"Every grocer in France," he cried, "can get a license to sell wine. He sends a small boy—un vrai gosse—to the Bureau, he stamps a certificate, he pays a few francs, and that is all. A soldier can fill his bottle at any grocer's in the town. Why," he went on, the original cause of our interview forgotten and the delinquent turned confidante, "not long ago I entrained a regiment here sober, Mademoiselle, I assure you sober, but when they arrived at R—— they were drunk. And the General was furious. 'What do you mean by sending me drunken soldiers?' he thundered. They had filled their bottles, they were thirsty in the train...."

But officially, you understand, soldiers of France are never drunk. Actually they seldom are. Coming home after six months in Bar, I saw more soldiers under the influence of drink in a week (it included a journey to Ireland in a train full of ultra-cheerful souls) than in all my time in France. That men who were far from sober came occasionally to the canteen cannot be denied, there are rapscallions in every army, but the percentage was small, and with twenty-two degrees of frost gnawing his vitals there is excuse for the man who solaces himself with wine.

V

It was characteristic of the French mind that Colonel X. could not understand why we did not call the station guard and turn the rioters into the street. To wander about in that bitter wind, to get perhaps into all sorts of trouble! Better a rowdy canteen a hundred times over.

We were frank enough—at least I know I was—on that aspect of the episode, and, all honour to him, he conceded a point though he failed to understand its necessity. But now, as at so many pulsating moments of my career, the ill-luck that dogs me seized me in the person of the Canteen-Chief and removed me from the room. She, poor ignorant dear, thought I was being indiscreet, whereas I was merely being receptive. I am sure I owe that Canteen-Chief a grudge, and I HOPE the Colonel thinks he does, but on that point his discretion has been perfect.

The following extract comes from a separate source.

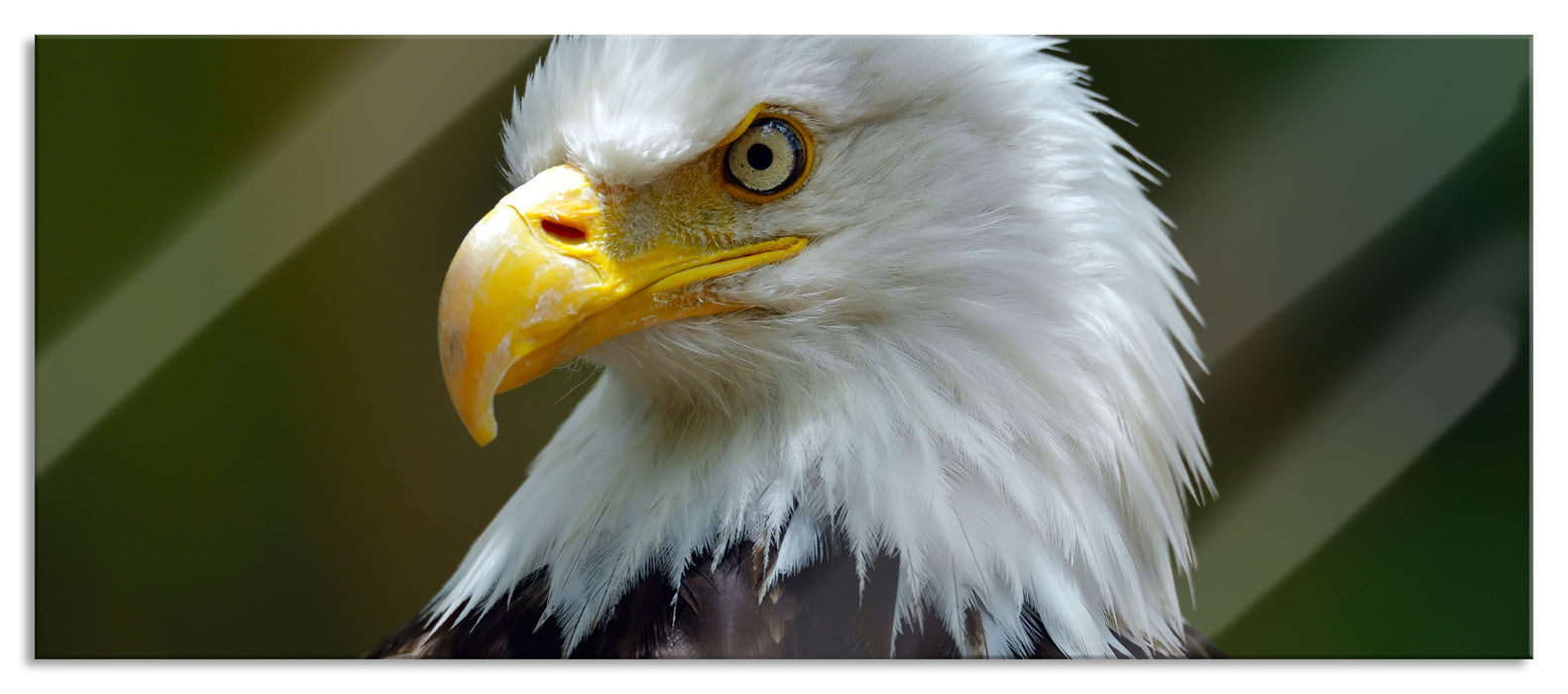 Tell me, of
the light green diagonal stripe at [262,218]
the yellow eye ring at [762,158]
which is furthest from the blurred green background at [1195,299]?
the yellow eye ring at [762,158]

Only in the very direst extremity would we have called in the station guard. We knew the deep-seated animosity with which the soldier views the gendarme. I may be wrong, but my firm impression is that he hates him even more than, or quite as much, as he hates the Boche. I suppose because he does not fight. There must be something intensely irritating to a war-scarred soldier in the sight of a strapping, well-fed, comfortable policeman. You know the story of the wounded Tommy making his way back from the lines and being accosted by a red-cap?

"'Some' fight, eh?" he inquired blandly.

"Some don't," retorted Tommy, and that sums the situation up more neatly than a volume of explanation.

Once, after the Walpurgis Night, a man chose to be noisy and slightly offensive in the canteen. It was a thing that rarely happened, and could always be dealt with, but, smarting possibly under a reprimand, the guard rushed in, seized a quiet, inoffensive, rather elderly man who was meekly drinking his coffee, and in spite of remonstrances and protestations in which the canteen-workers joined, dragged him off, cutting his throat rather badly with a bayonet in the scuffle. A little incident which in no way inclined us to lean for support, moral or otherwise, upon the guardians of military law. But we gave them their coffee or chocolate piping hot just the same.

And there were weeks when hot drinks were more acceptable than would have been promise of salvation.